But what Atlanta general manager Travis Schlenk did do, besides getting Young, was picking John Collins and Kevin Huerter in back-to-back years with the No. 19 draft pick. On a night when Young struggled to make shots, those two combined for 41 points and 23 rebounds and have looked throughout the Hawks’ run like guys you win with in the playoffs despite not being premium draft picks. 

“It’s been a long couple years,” said Huerter, who made 10-of-18 field goals. “It’s only my third year, but it’s been a long two years of being at the bottom of the East and all you hear is development and guys getting better and preparing for the future. And this year trying to flip a switch, our whole mindset changed and the development process was over.”

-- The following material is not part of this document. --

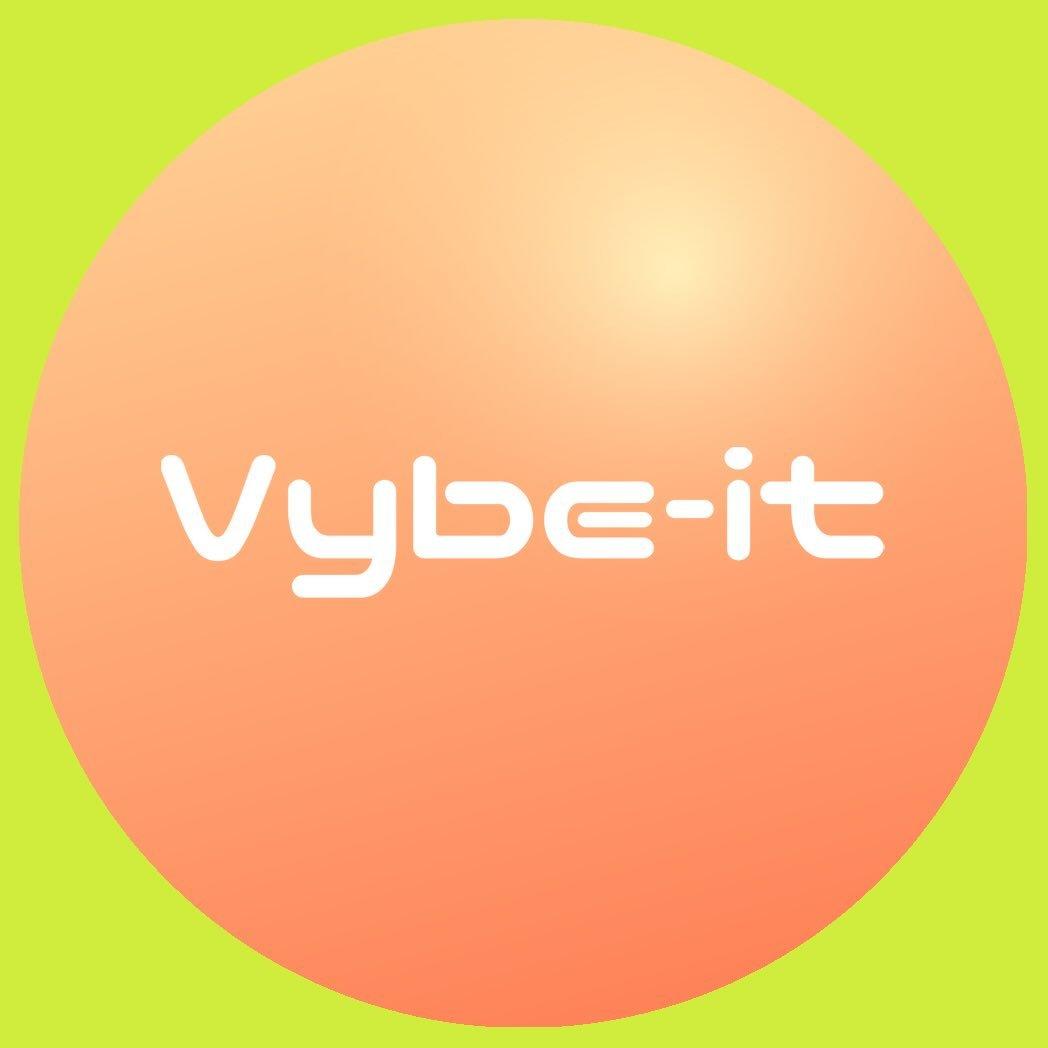 Vybe-it Lips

Indeed, when Hawks majority owner Tony Ressler decided to spend free-agent money this past offseason, there were plenty of critics who said Atlanta was rushing their own process and that an ownership mandate to start winning games was irrational. 

It might have looked that way in early March when the Hawks were 14-20, but a coaching change from Lloyd Pierce to Nate McMillan and the subsequence toughness that grew within this team in playing close games has validated everything about how Atlanta chose to rebuild.

Nearly a decade into the “Process,” Philadelphia’s franchise has never felt more aimless. Atlanta’s future has never seemed more promising. And now in the Eastern Conference finals, the present isn’t half bad, either.